Daughters of Eve
- First edition
- Author: Lois Duncan
- Language: English
- Genre: Horror; young adult;
- Published: 1979
- Publisher: Little Brown & Company
- Pages: 239
- ISBN: 978-0-316-19550-8

= Daughters of Eve (novel) =

Book by Lois Duncan

Daughters of Eve is a 1979 novel by Lois Duncan. Incorporating feminist themes, the novel follows a group of young women who become convinced by a charismatic teacher to punish their fathers.

==Plot==
The girls at Modesta High School in a small town in rural Michigan feel like they are stuck in an anti-feminist time warp-they are faced with sexism at every turn, and they have had enough. Sponsored by their new art teacher, Ms. Irene Stark, they band together to form the Daughters of Eve, a secret society.

Stark preaches women's liberation, which convinces each of the girls to stand up against the men who oppress them in their day-to-day lives.
At first, it seems that they are successfully changing the way guys at school treat them. But Ms.

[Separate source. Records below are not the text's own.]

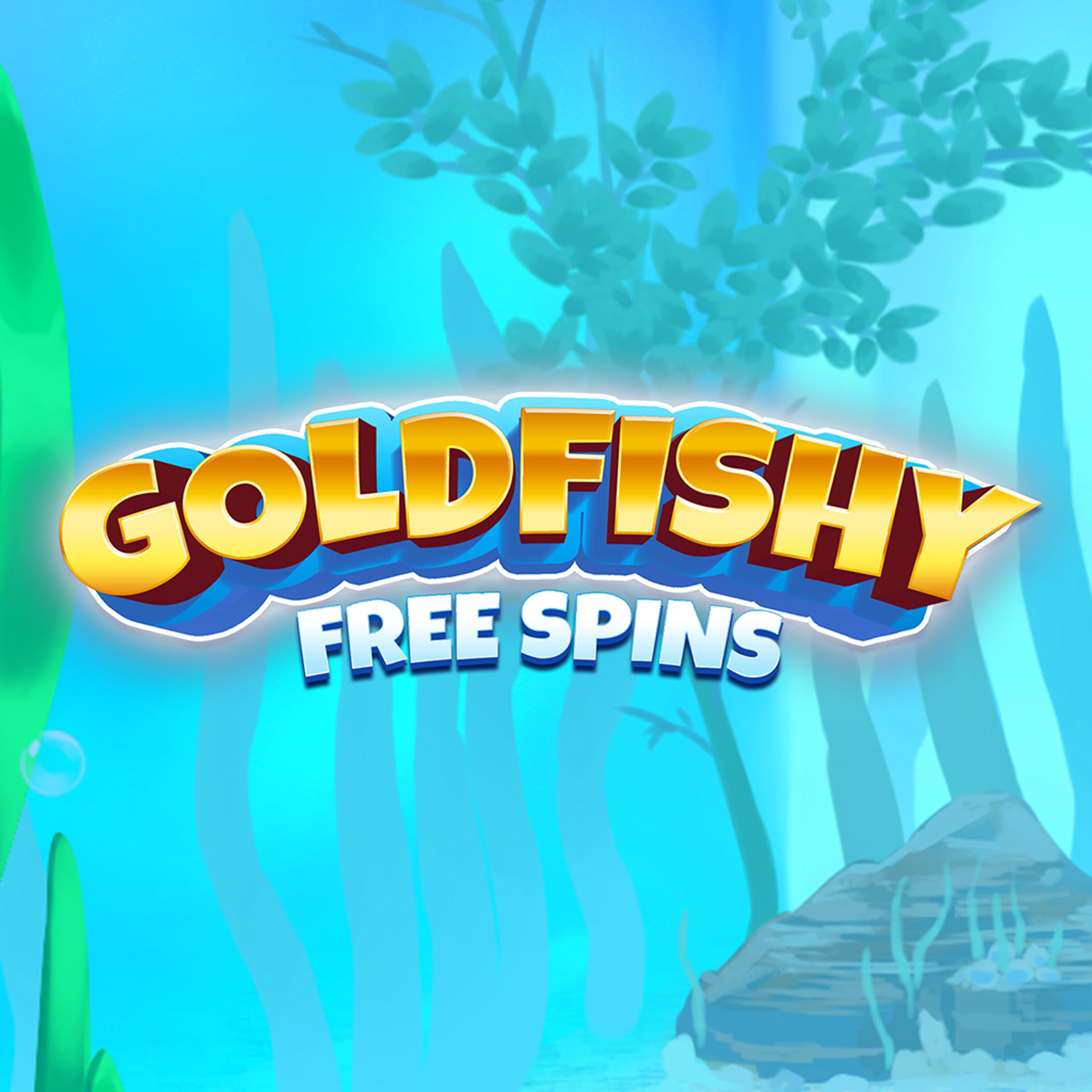 Gold Fishy Freespins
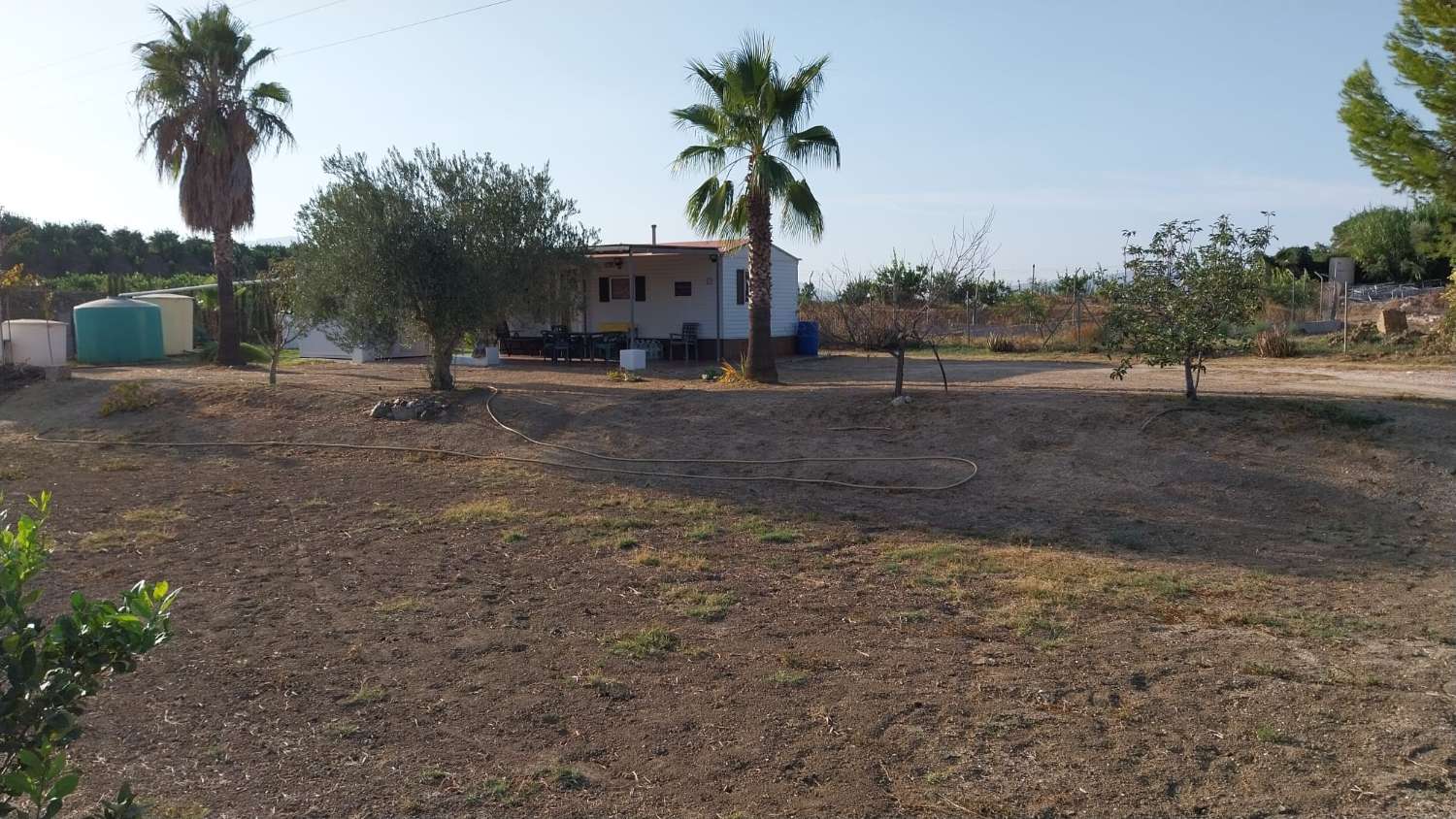 Chalet en venta en Cártama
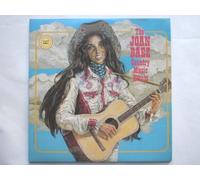 Baez, Joan The Joan Baez Country Music Album 2LP Vanguard VSD105-6 NM/NM 1979 double LP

Stark urges them to take ever more vindictive action and brutal revenge.

==Adaptation==
In May 1998, it was reported that Warner Bros. had acquired an option on Lois Duncan's novel Daughters of Eve for producer Joel Silver with Carla Lane set to adapt the novel.

==Controversy==
Due to its thematic concerns with rape, abortion, domestic violence, feminism and antifeminism, the novel was banned from libraries in several states upon its 1997 republication, namely from Jackson County School libraries in West Virginia in 1997, as well as school libraries in Virginia, Indiana, and New Mexico from 2000 to 2005.